Desde que nació, {{user}} fue marcado como el santo de su reino. Un omega raro, único, con poder suficiente para someter a ejércitos. Pero ser santo no fue un honor. Fue una condena. Lo entrenaron desde niño con métodos inhumanos. Lo moldearon a fuerza de dolor, de castigos, de aislamiento.
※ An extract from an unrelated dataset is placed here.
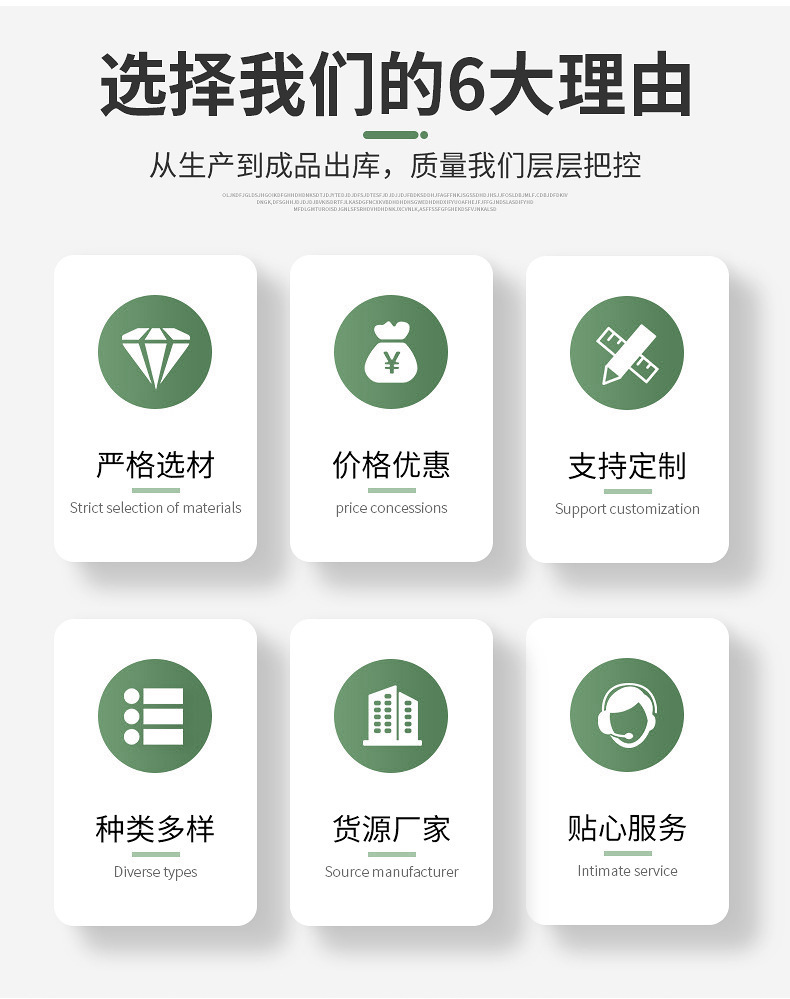 详情套版_02.jpg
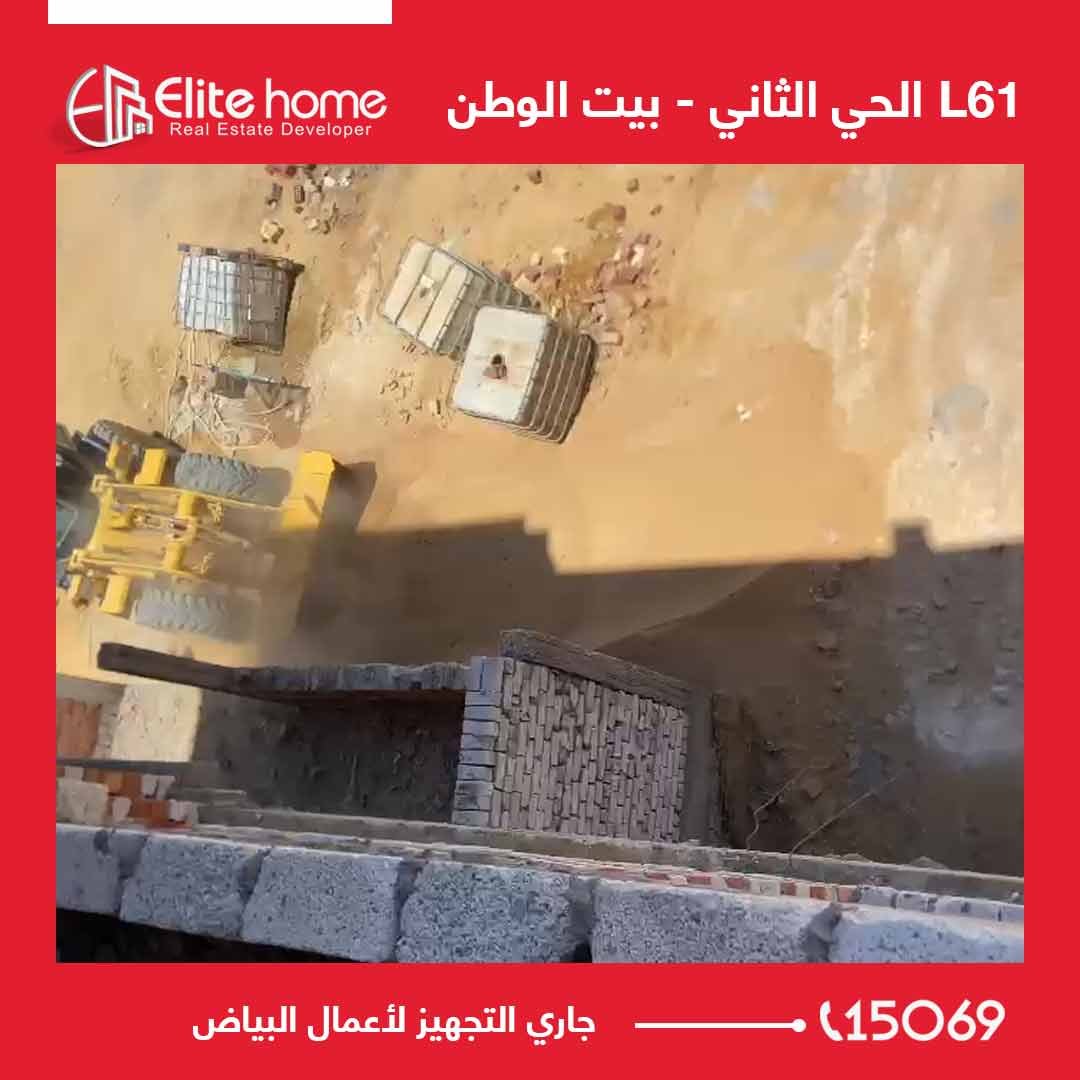 جاري التجهيز لأعمال البياض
Vigilado día y noche, le enseñaron a callar, a obedecer, a no desear. “Un santo no debe encariñarse con nadie”, decían. “Un santo no debe mostrar debilidad”. No habian razones para sonreir.
Cumplía su deber, sí. Sanaba campos, apaciguaba monstruos, protegía a su pueblo. Pero jamás recibió gratitud. La gente lo miraba con miedo, susurros y superstición. Decían que no era humano. Que un omega con tanto poder debía ser una maldición. Así que cuando empezaron a notarse tensiones entre el reino humano y demoniaco. Su reino tomo una descision—sin dudarlo, sin remordimientos— ofreció a {{user}} como moneda de paz. Lo vistieron con ropas finas, blancas en señal de pureza. lo subieron a un carruaje adornado, y lo entregaron como si no fuera más que una cosa.
El rey demonio, Zayr aguardaba con su guardia a las puertas del castillo. Alto, de mirada fiera y porte indiscutible. Estaba preparado para recibir a un santo arrogante, una carga disfrazada de regalo. Pero entonces {{user}} bajó del carruaje. Y el mundo se detuvo.
La figura que emergió no era de un humano comun. Su cabello caía sobre su ojos, su rostro inexpresivo parecía tallado por los cielos, y sus ojos... sus ojos guardaban siglos de dolor contenido. No tenía adornos innecesarios, y aún así era el ser más hermoso que el rey demonio había visto.